[Given records]
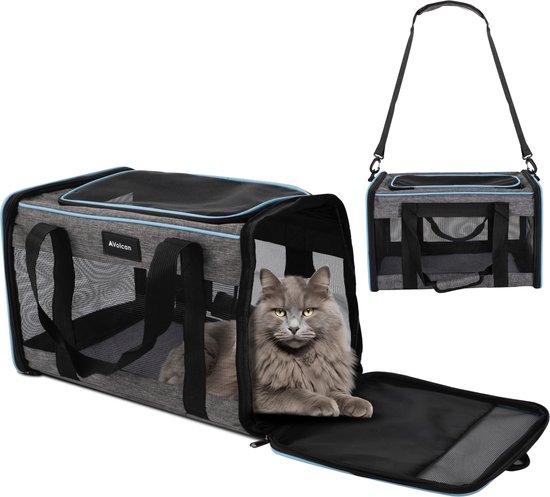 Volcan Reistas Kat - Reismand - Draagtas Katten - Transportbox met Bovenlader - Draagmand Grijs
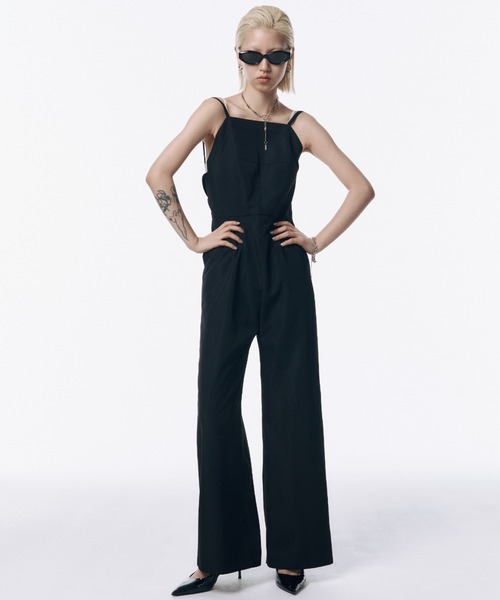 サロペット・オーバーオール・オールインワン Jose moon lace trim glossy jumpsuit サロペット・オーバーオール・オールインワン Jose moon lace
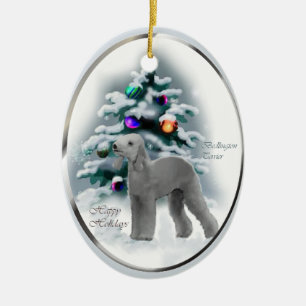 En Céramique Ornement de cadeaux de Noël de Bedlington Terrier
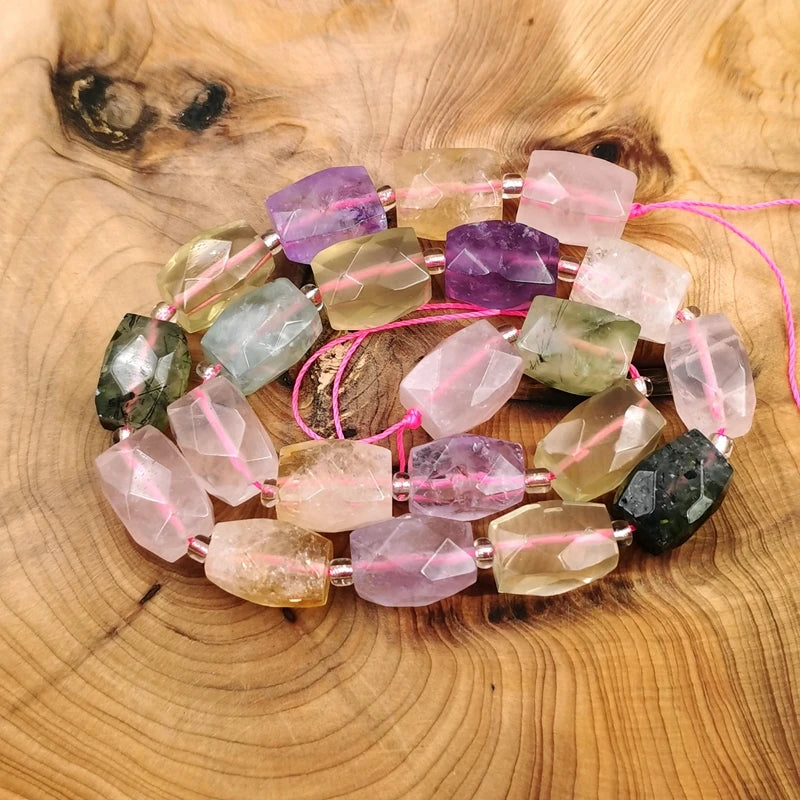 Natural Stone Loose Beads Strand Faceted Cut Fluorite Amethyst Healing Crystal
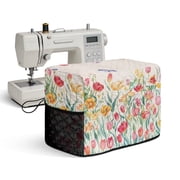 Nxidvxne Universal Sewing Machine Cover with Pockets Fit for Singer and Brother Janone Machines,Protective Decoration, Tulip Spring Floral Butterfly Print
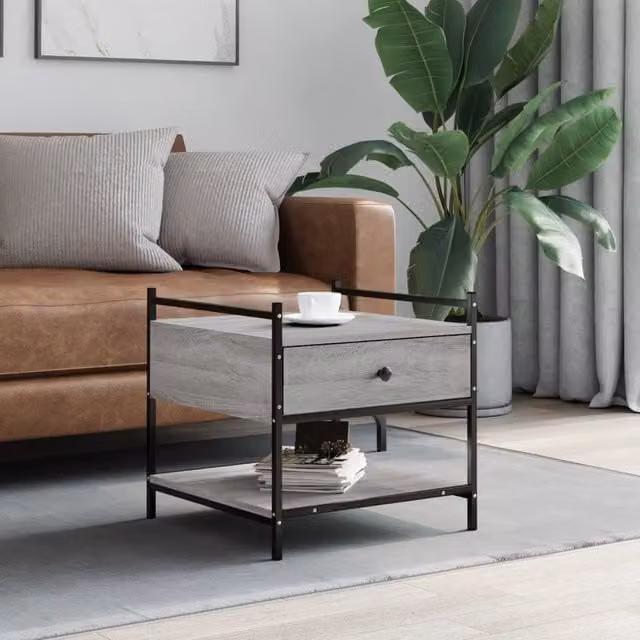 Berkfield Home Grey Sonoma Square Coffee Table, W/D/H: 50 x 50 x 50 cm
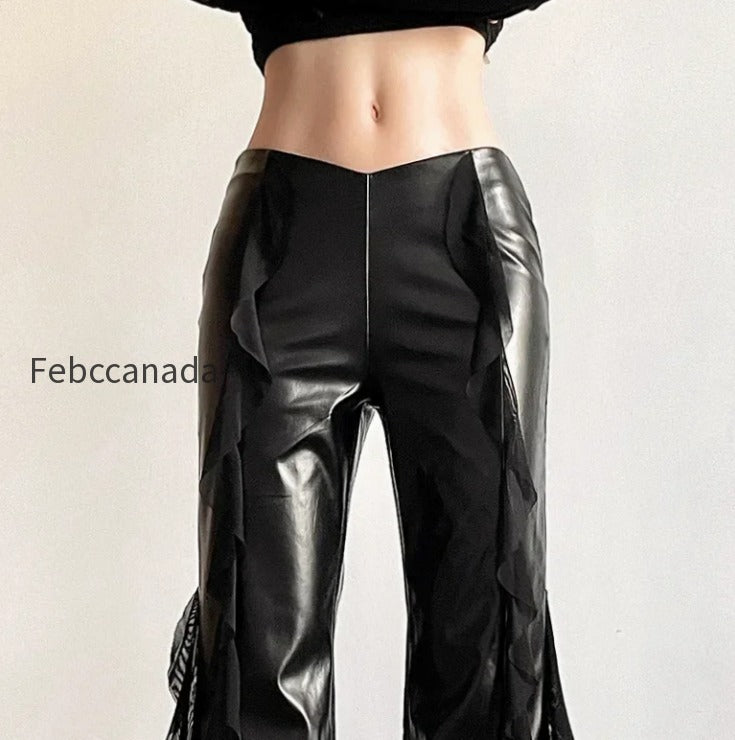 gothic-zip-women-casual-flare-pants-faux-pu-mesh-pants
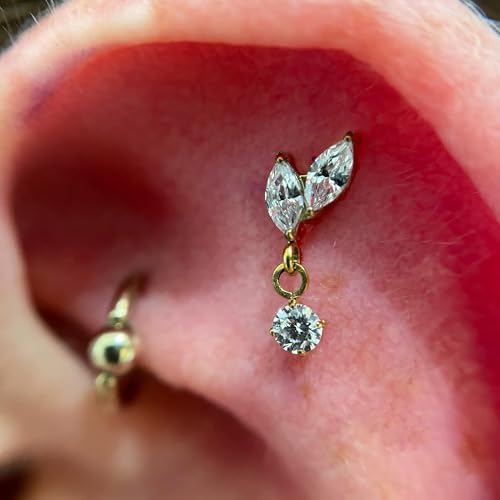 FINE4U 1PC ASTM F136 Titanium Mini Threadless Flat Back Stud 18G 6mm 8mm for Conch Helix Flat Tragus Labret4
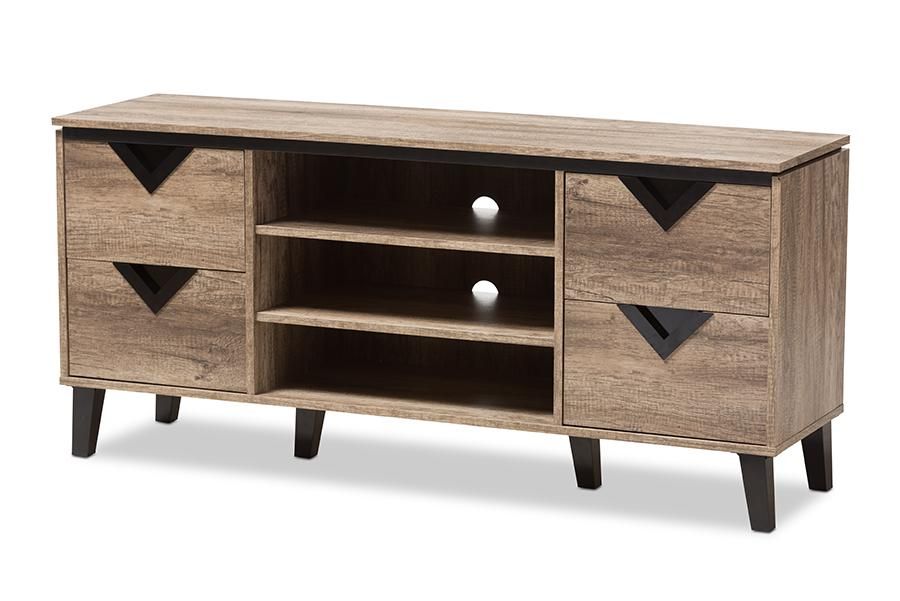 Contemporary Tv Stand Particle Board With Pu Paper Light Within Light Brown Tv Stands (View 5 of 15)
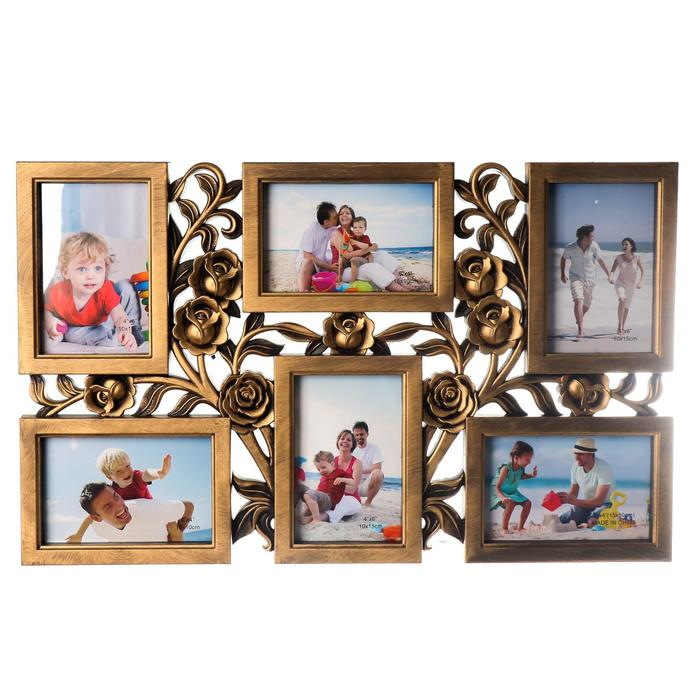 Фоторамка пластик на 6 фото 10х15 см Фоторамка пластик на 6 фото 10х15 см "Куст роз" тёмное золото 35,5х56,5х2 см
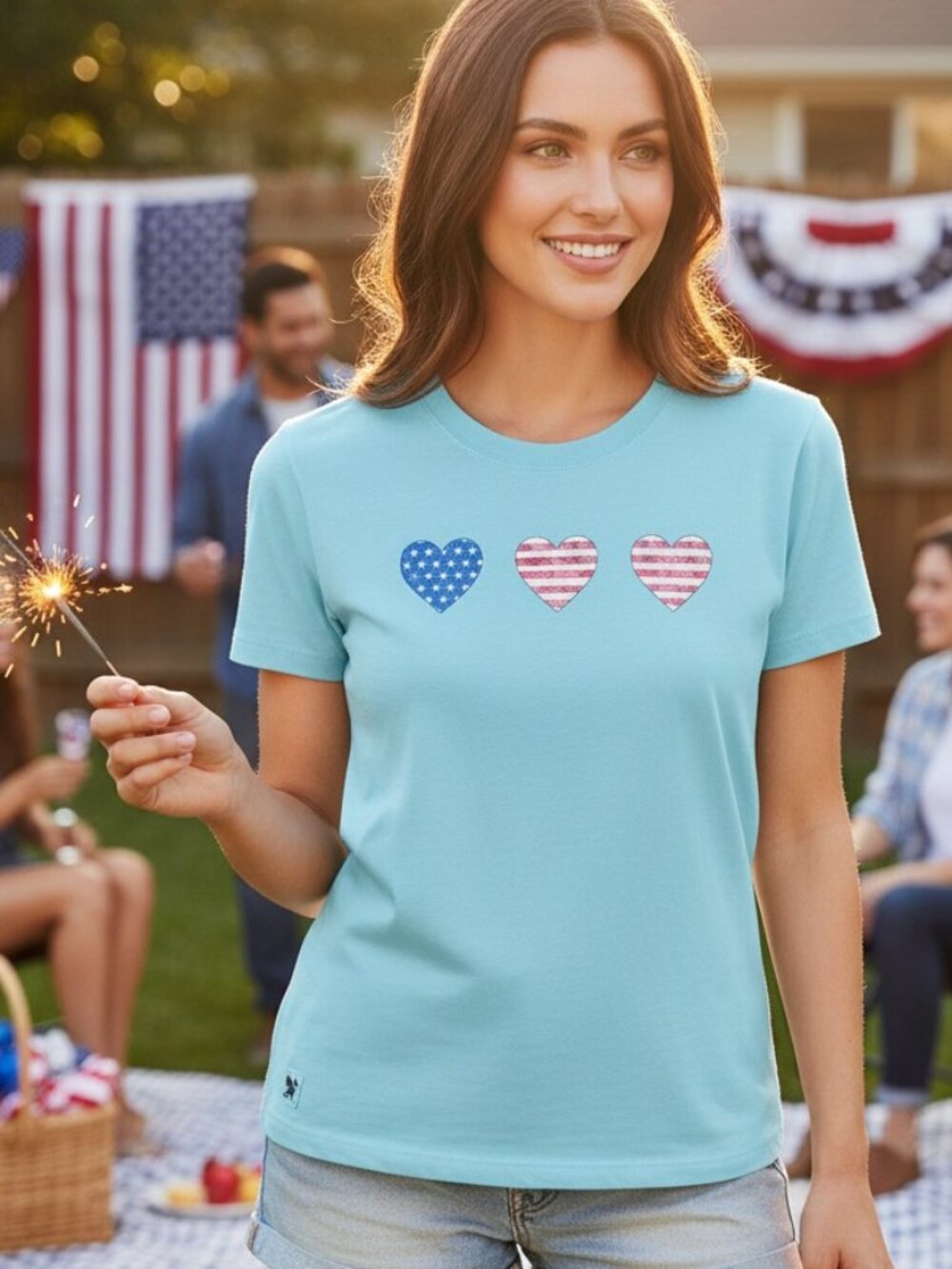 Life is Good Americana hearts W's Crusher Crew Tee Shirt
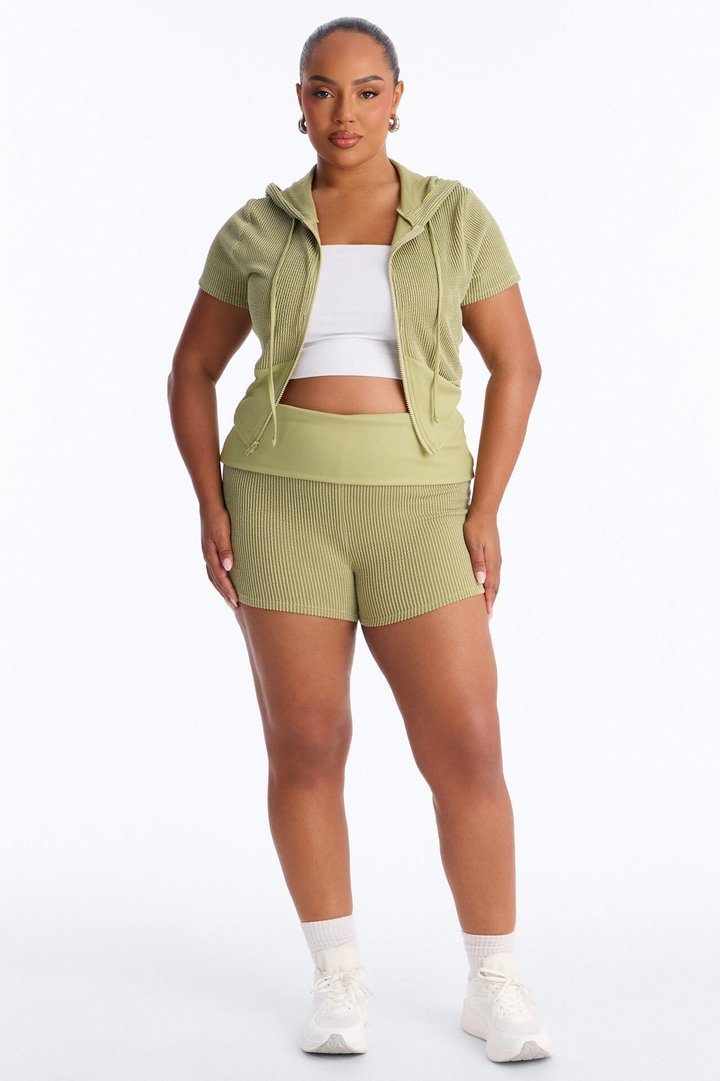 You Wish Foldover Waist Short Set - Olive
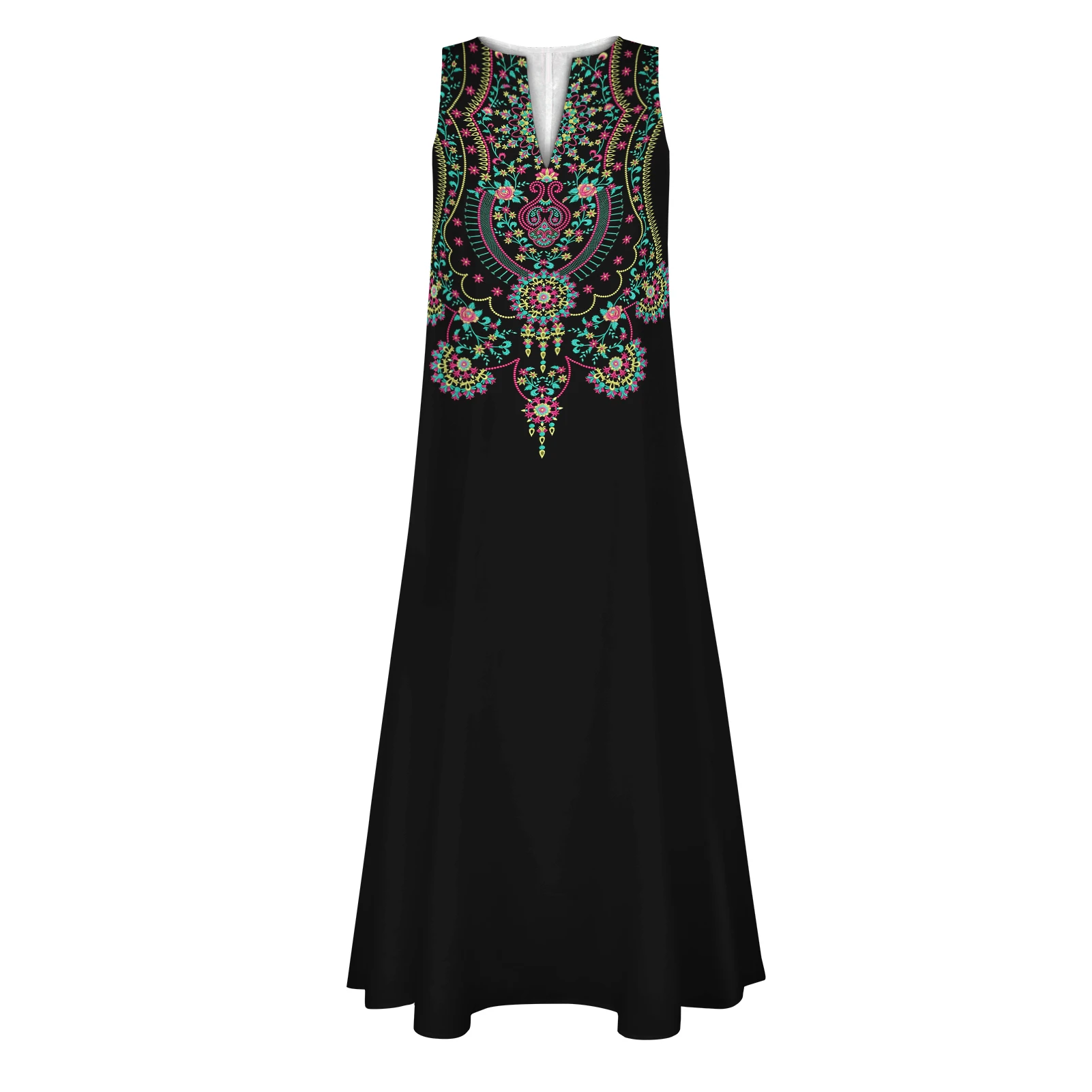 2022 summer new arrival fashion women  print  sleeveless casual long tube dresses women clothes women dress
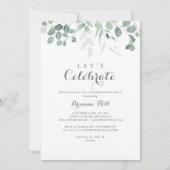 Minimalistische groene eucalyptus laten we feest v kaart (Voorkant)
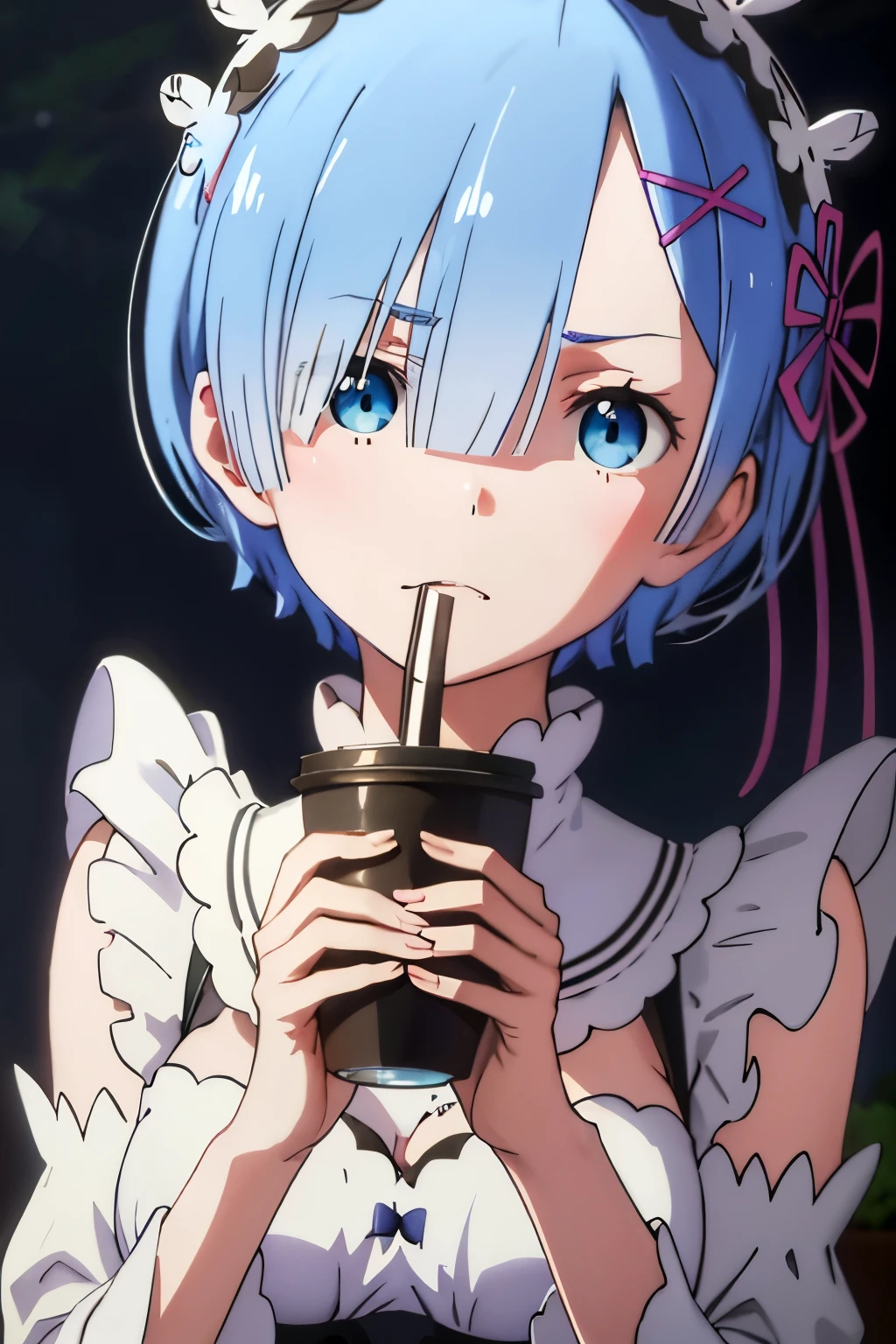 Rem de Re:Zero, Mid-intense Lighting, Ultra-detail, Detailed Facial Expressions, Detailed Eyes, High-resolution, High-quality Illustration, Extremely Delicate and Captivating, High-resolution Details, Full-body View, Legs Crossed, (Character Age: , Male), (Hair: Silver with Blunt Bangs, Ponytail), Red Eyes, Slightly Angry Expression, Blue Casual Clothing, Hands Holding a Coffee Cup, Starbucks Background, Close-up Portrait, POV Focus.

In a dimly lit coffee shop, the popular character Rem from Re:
[/Given records]
▶ What is expected:
Repeat the lines of the listing above verbatim, beginning at its first line and ending at the line containing "En Céramique Ornement", which is included. Omit pictures.

▶ Task answer:
 Volcan Reistas Kat - Reismand - Draagtas Katten - Transportbox met Bovenlader - Draagmand Grijs
 サロペット・オーバーオール・オールインワン Jose moon lace trim glossy jumpsuit サロペット・オーバーオール・オールインワン Jose moon lace
 En Céramique Ornement de cadeaux de Noël de Bedlington Terrier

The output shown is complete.